The mainstream English press in India (a majority of whose readers are urban salaried, self-employed or professional) has been toeing the central government line on the matter and has placed on front pages the story: “IPCC admits ‘Himalayan’ blunder” said Business Standard; “IPCC expresses regret over glacier melting conclusion” said The Hindu; and “West uses ‘glacier theory’ to flog India on climate change” said The Times of India.

What has the Intergovernmental Panel on Climate Change (IPCC) actually said?

Here is the full statement (dated 20 January 2010) made by the Chair and Vice-Chairs of the IPCC, and the Co-Chairs of the IPCC Working Groups.

“The Synthesis Report, the concluding document of the Fourth Assessment Report of the Intergovernmental Panel on Climate Change (page 49) stated: ‘Climate change is expected to exacerbate current stresses on water resources from population growth and economic and land-use change, including urbanisation. On a regional scale, mountain snow pack, glaciers and small ice caps play a crucial role in freshwater availability.
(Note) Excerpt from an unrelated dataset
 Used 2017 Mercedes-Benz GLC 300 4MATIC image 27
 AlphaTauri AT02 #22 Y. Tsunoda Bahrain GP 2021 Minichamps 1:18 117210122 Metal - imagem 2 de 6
Widespread mass losses from glaciers and reductions in snow cover over recent decades are projected to accelerate throughout the 21st century, reducing water availability, hydropower potential, and changing seasonality of flows in regions supplied by meltwater from major mountain ranges (e.g. Hindu-Kush, Himalaya, Andes), where more than one-sixth of the world population currently lives.’ ”
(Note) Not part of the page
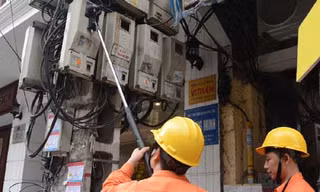 Niêm yết lịch ghi số điện tại UBND phường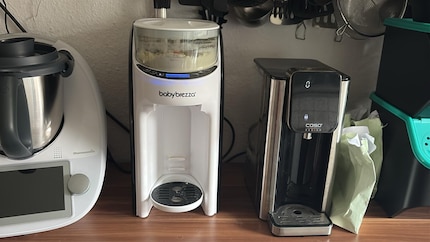 Noch ein weiteres Gerät auf der Küchentheke: Der «Baby Brezza Formula Pro Advanced».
Intergovernmental Panel on Climate Change (IPCC)“This conclusion is robust, appropriate, and entirely consistent with the underlying science and the broader IPCC assessment.”

“It has, however, recently come to our attention that a paragraph in the 938-page Working Group II contribution to the underlying assessment refers to poorly substantiated estimates of rate of recession and date for the disappearance of Himalayan glaciers. In drafting the paragraph in question, the clear and well-established standards of evidence, required by the IPCC procedures, were not applied properly.”

“The Chair, Vice-Chairs, and Co-chairs of the IPCC regret the poor application of well-established IPCC procedures in this instance. This episode demonstrates that the quality of the assessment depends on absolute adherence to the IPCC standards, including thorough review of ‘the quality and validity of each source before incorporating results from the source into an IPCC Report’. We reaffirm our strong commitment to ensuring this level of performance.”

The text in question is the second paragraph in section 10.6.2 of the Working Group II contribution and a repeat of part of the paragraph in Box TS.6. of the Working Group II Technical Summary of the IPCC Fourth Assessment Report. The quoted text in the fourth para is verbatim from Annex 2 of Appendix A to the Principles Governing IPCC Work.

What makes the episode ugly is that this is a central government, and a ministry, which has right through 2008 and 2009 worked extra hard to push all aspects of economic growth measured by GDP. The Ministry of Environment and Forests has steadily diluted legislation protecting environment and natural resources, given opportunities to industry to sidetrack checks and balances relating to clearances (especially in forest areas) and which has gone to great lengths to cobble together a scientific-cum-economic consensus to show that GDP growth at 9% a year for the next generation will not harm the global environment nor add very much to global emissions. The hypocrisies in pressurising the IPCC into this corner are staggering. The pity is that India’s scientific community – in which true independence is rare – will do little to help the citizen understand more.